August 17, 2015

Earthquake Preparedness

It was a rough night last night, probably the worst once since Domingo and I first became parents three years ago. We were still awake, lying in bed at 6:49 am, having not had the chance to fall asleep yet. There was a familiar crack, and the rolling wave of energy that raced from the left side of the room to the right.

“Was that a …?” I asked
“Earthquake” Domingo answered.

There have been a number of earthquakes I’ve felt since I moved out to California a decade ago. Most have been in the last couple of years. They’ve been minor, light rumblings with no damage. I’ve never seen any indication that the girls have noticed them. During the 2007 Alum Rock earthquake Lily (our kitty) did look in the direction of the street when the shaking started. I think she was expecting a big truck. Funny aside: while there was no damage from the earthquake, I did break my toe a few hours latter by running into a dresser while chasing the cat.

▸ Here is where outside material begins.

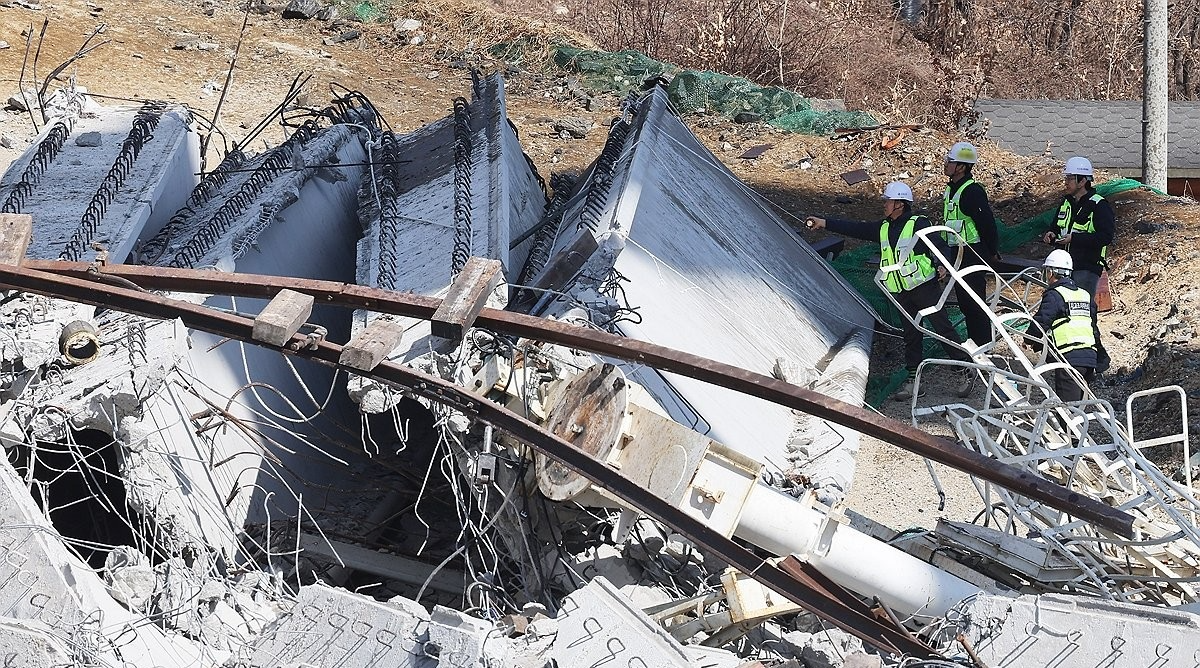 서울세종고속도로 건설 공사 사고 현장 살펴보는 관계자들(사진=연합뉴스)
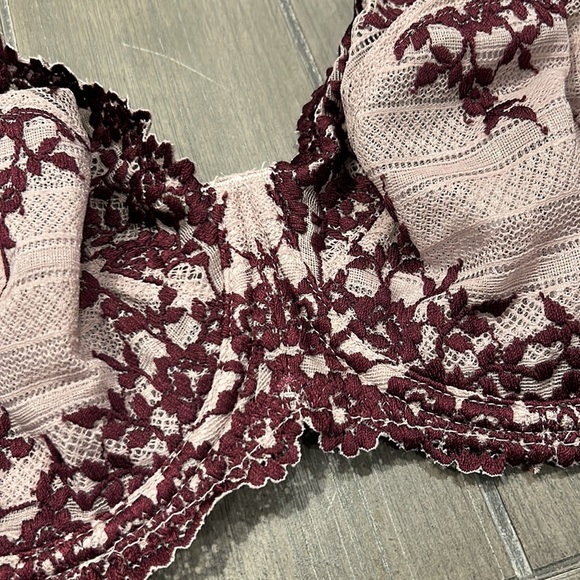 Elegant Lace Underwire Bra - Pink and Burgundy - Picture 3 of 9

I may not have been prepared for the black widow spiders, but earthquakes I’m ready for. For every major life change, every new family member gained, and old one lost, we’ve revised our game plan. We have a plan for The Big One, whenever it may hit and where ever we may be. We’ve planned out who it is that will pick the girls up from daycare (me) and whose primary job is to secure the house (him). We know to text first, email second and call last since that’s the order a signal is likely to get through. We know in the middle of the night, when awoken from a deep sleep, which one of us is responsible for securing which child. Over prepared, we are.

I’m beginning to wonder if I should involve Nicole in our earthquake “what to do if”s talks. She didn’t seem to know what an earthquake is when I talked to her, but I know her preschool does fire alarm drills. I had just finished dropping off Alexis once when the alarm went off. Presumably prior exposure to the fire alarm helped keep Nicole calm when the alarm in our apartment went off last September, less than two months before my due date. It was just the two of us, alone in the apartment. She waited patiently for me to put shoes on, then let me carry her down two flights of stairs on my seven month baby bump.

On the other hand fires (and false fire alarms as in our apartment’s case) are far more likely, statistically speaking, than earthquakes. Practicing fire drills makes sense. The big one is “imminent”, but imminent in geological terms seems to be the next thirty years or so. I don’t want to worry her unnecessarily.

For now I think I’ll wait until there’s an earthquake she feels before broaching the topic.